** DATASET RECORDS follows **
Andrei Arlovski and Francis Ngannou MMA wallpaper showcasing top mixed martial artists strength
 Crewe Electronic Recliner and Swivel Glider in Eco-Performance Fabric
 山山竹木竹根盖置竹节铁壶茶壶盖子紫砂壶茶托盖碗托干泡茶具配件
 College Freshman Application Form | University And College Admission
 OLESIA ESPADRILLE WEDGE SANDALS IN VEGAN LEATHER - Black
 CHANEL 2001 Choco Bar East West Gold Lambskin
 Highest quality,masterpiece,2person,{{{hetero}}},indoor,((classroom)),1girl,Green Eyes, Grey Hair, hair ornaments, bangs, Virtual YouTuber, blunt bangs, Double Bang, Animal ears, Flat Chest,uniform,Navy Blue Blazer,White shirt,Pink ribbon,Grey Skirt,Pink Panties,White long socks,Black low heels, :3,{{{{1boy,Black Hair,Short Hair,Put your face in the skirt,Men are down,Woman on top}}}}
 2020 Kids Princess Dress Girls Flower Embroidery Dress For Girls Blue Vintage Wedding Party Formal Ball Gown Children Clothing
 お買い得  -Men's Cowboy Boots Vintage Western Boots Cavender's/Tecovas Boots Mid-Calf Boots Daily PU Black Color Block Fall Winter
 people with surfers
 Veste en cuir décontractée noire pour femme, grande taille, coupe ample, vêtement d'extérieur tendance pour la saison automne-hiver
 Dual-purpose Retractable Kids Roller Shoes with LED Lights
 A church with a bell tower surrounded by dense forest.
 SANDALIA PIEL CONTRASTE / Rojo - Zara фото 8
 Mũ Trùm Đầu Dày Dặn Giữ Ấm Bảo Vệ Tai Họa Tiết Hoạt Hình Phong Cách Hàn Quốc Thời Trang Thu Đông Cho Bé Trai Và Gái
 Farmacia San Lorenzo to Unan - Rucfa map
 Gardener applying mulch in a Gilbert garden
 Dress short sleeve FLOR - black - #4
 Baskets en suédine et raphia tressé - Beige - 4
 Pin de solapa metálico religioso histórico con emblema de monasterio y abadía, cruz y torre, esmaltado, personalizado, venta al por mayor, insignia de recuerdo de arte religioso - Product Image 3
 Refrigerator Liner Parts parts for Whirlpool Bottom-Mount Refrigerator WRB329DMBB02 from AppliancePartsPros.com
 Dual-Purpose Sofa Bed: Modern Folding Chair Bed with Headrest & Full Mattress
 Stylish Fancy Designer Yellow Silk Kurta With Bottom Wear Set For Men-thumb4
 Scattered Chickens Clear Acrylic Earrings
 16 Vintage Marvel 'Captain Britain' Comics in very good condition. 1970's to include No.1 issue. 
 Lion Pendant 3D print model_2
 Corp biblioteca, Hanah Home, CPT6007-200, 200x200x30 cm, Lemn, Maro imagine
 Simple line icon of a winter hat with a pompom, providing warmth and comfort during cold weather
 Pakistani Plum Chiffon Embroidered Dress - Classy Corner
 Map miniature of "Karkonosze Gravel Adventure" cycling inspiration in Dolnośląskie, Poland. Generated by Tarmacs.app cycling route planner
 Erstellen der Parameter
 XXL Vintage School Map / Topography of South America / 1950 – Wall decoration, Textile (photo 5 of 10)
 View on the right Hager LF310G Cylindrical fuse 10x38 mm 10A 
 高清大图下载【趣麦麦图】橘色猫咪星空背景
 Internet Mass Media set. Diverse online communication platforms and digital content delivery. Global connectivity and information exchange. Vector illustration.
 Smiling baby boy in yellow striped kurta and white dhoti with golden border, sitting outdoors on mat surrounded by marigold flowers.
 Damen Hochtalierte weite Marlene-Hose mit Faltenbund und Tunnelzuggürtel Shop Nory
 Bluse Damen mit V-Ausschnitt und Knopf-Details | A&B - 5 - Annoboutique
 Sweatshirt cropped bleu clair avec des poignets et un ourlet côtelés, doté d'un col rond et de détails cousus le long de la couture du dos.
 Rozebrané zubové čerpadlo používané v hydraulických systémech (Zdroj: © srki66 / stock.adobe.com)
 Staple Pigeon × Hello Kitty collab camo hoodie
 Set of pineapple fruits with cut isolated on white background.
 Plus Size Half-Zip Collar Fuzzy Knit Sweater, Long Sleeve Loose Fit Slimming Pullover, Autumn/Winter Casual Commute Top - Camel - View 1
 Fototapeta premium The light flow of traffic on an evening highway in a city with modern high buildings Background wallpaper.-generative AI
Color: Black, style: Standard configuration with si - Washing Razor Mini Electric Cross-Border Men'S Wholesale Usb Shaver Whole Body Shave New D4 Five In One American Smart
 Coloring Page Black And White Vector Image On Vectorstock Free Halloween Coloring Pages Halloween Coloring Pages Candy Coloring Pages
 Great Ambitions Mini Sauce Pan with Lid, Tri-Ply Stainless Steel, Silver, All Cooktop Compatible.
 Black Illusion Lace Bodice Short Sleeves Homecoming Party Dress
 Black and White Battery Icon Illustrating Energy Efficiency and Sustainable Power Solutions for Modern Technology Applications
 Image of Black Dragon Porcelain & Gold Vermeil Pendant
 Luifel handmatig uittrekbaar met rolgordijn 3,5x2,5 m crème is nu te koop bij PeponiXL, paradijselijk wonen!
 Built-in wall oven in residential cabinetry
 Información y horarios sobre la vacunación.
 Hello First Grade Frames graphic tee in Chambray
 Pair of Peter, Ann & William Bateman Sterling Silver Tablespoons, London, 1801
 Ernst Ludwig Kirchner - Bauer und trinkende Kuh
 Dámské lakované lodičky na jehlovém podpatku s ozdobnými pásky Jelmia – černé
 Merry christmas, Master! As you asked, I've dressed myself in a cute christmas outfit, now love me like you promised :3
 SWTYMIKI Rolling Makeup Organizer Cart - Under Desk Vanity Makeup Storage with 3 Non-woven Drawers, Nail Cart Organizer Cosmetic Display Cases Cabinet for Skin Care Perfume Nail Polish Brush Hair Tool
** End of DATASET RECORDS **
ACTIVITY: Take the lines above from the one containing "Plus Size Half-Zip" to the one containing "Black Illusion Lace" and retype them exactly, both ends included, with nothing added.

WRITTEN SOLUTION:
 Plus Size Half-Zip Collar Fuzzy Knit Sweater, Long Sleeve Loose Fit Slimming Pullover, Autumn/Winter Casual Commute Top - Camel - View 1
 Fototapeta premium The light flow of traffic on an evening highway in a city with modern high buildings Background wallpaper.-generative AI
Color: Black, style: Standard configuration with si - Washing Razor Mini Electric Cross-Border Men'S Wholesale Usb Shaver Whole Body Shave New D4 Five In One American Smart
 Coloring Page Black And White Vector Image On Vectorstock Free Halloween Coloring Pages Halloween Coloring Pages Candy Coloring Pages
 Great Ambitions Mini Sauce Pan with Lid, Tri-Ply Stainless Steel, Silver, All Cooktop Compatible.
 Black Illusion Lace Bodice Short Sleeves Homecoming Party Dress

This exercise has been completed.